Dann möchte ich Ihnen hier bemerken, daß wir, solange wir als Philosophen
sprechen, nicht die theologischen Ausdrucksweisen gebrauchen dürfen. Denn
weil die Theologie Gott durchgehends und nicht
ohne Grund als einen vollkommenen Menschen vorstellt,
so ist es infolgedessen angemessen, daß es in der Theologie heißt,
Gott begehre etwas, Gott empfinde Unwillen über das Tun der Gottlosen und
freue sich an dem der Frommen. In der Philosophie aber erkennt man klar,
daß man jene Attribute, die den Menschen vollkommen machen, Gott so wenig
zuschreiben und andichten kann, als man das, was den Elefanten und den Esel
vollkommen macht, den Menschen zuschreiben wollte; hier haben diese und ähnliche
Worte keine Stelle und können hier nicht ohne die vollste Verwirrung unsrer
Begriffe gebraucht werden. Um daher philosophisch zu sprechen, darf man nicht
sagen, daß Gott von jemandem etwas verlangt
und ebensowenig, daß ihm etwas mißfällig oder angenehm ist.
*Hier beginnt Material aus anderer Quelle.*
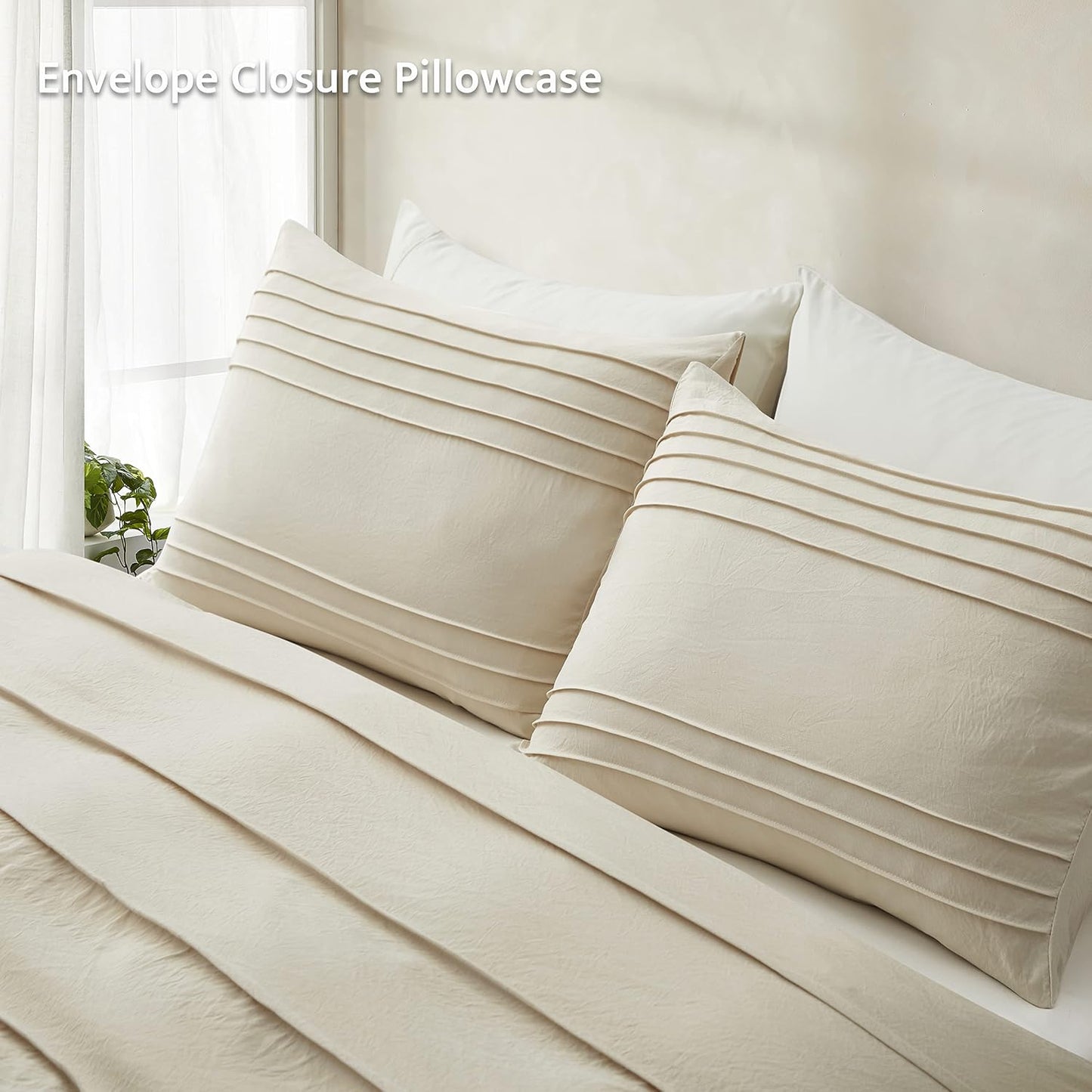 Mullum Boho Pleated Beige Microfibre Duvet Cover Set - Single Size NEW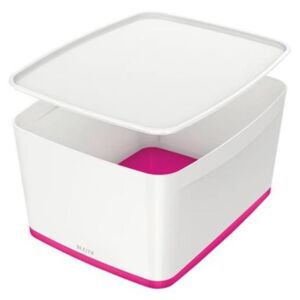 Tároló doboz, fedővel, nagy, LEITZ MyBox, fehér-rózsaszín (E52161023)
Das sind alles menschliche Attribute, die bei Gott nicht Platz haben.
Schließlich hätte ich Ihnen gerne bemerkt, daß zwar das Tun
der Frommen (d. h. derer,
die eine klare Idee von Gott haben, nach der all ihr Tun und Denken sich bestimmt)
und der Gottlosen (d. h.
derer, die eine Idee von Gott nicht besitzen, sondern bloß Ideen von den
irdischen Dingen, nach denen sich ihr Tun und Denken bestimmt) und schließlich
aller, die existieren, von Gottes ewigen Gesetzen und
Ratschlüssen notwendig herkommt und beständig von Gott abhängig
ist; daß sich aber gleichwohl das Tun jener und dieser nicht nach
Graden, sondern dem Wesen nach voneinander unterscheidet. Denn wenn auch eine
Maus gerade so wie ein Engel, und Trauer gerade so wie Freude von Gott abhängig
sind, so kann doch eine Maus nicht eine Art Engel und Trauer nicht eine Art
Freude sein. Damit meine ich auf Ihre Einwände geantwortet zu haben
(wenn ich Sie recht verstanden habe, denn bisweilen habe ich Zweifel, ob die
von Ihnen gezogenen Schlüsse nicht verschieden sind von dem Thema, das
Sie zu beweisen unternehmen).
Das wird aber noch klarer, wenn ich auf dieser Grundlage auf die gestellten
Fragen antworte.
Die erste ist, ob Totschlagen
Gott gerade so angenehm ist, wie Almosen spenden?
Die zweite ist, ob
Stehlen im Hinblick auf Gott gerade so gut ist wie rechtschaffen sein?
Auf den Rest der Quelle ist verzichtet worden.